We had a choice in giving 200 ml and 400 ml and as a man I gave the big amount.

No bubbles, only life saving goo.

For our troubles we were given an umbrella and 20 RMB to spend at the cafeteria. Not bad but I was hoping for a t-shirt saying 'I gave blood in China.'


Back on the home front I spent the afternoon trying to transfer funds from our Hong Kong account to our American one. I've mentioned before that Amy's checks are split in two and half of it goes to Hong Kong in USD. We have a pretty good chunk of it and I have been wanting to transfer it to the US and pay off some bills. Unfortunately doing that is trouble. We signed up for an internet transfer deal but it was proving difficult.

After spending way too much time I realized that they had the wrong account number for my American bank and we were screwed. There's more to that story, but I'm tired of typing and I'm sure your tired of reading.

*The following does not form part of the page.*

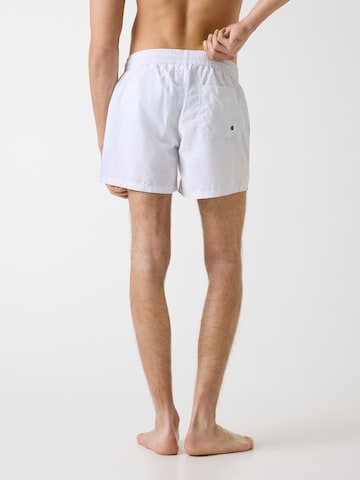 GUESS Board Shorts in White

Tonight we went to refill my phone and instead accidentally bought a refill for Amy's phone. I have a different company than she does and we wern't paying attention.

And that was my day.

The Shanghai Diaries - Miscellaneous

The new diaries is up. This week it is a collection of small topics that don't fit anywhere else.

See I told you I would start writing again soon :)

Monday, January 21, 2008

Who Cares If I'm In China?

The other day while listening to a radio show a friend of mine hosts he made the following statement, "shut up Brewster, nobody gives a @!?# about what time it is in Shanghai." At the time it is true that I was heckling him and it is also true that our friendship is born from hassling each other, but the thing is, this time, it kind of hurt.

When Amy and I lived in Strasbourg I swore to myself that I when we returned I would not spend my days talking about living in France. When we finally did return to the States I found this promise was entirely difficult to not break.

Think about it a moment, how often do you talk about the events of the last year? Over the next couple of days when you are talking to friends or coworkers notice how often you mention something you did or experience over the last year, or any time in your past. We are nothing if we have no past. We are made up of nothing but our memories.

And we like to talk about them.

So it was with France. I constantly said stuff like "When we were in France," or "the French do this..." etc. I wasn't trying to be pompous or cool or anything. I had lived in an exotic (at least to me) place for nearly a year and it had a great effect on my life. In conversations these things naturally came out.

And so it is in China. I am sure that when I go back home I'll talk about Shanghai. I already do talk about it in this blog, in e-mails, on the phone and chatting with my friends elsewhere. Again it is not to say that I am better than anyone, but simply a part of my circumstance. I mean I cannot pretend I am not in China and in general conversation weird tidbits of my time here are going to come out.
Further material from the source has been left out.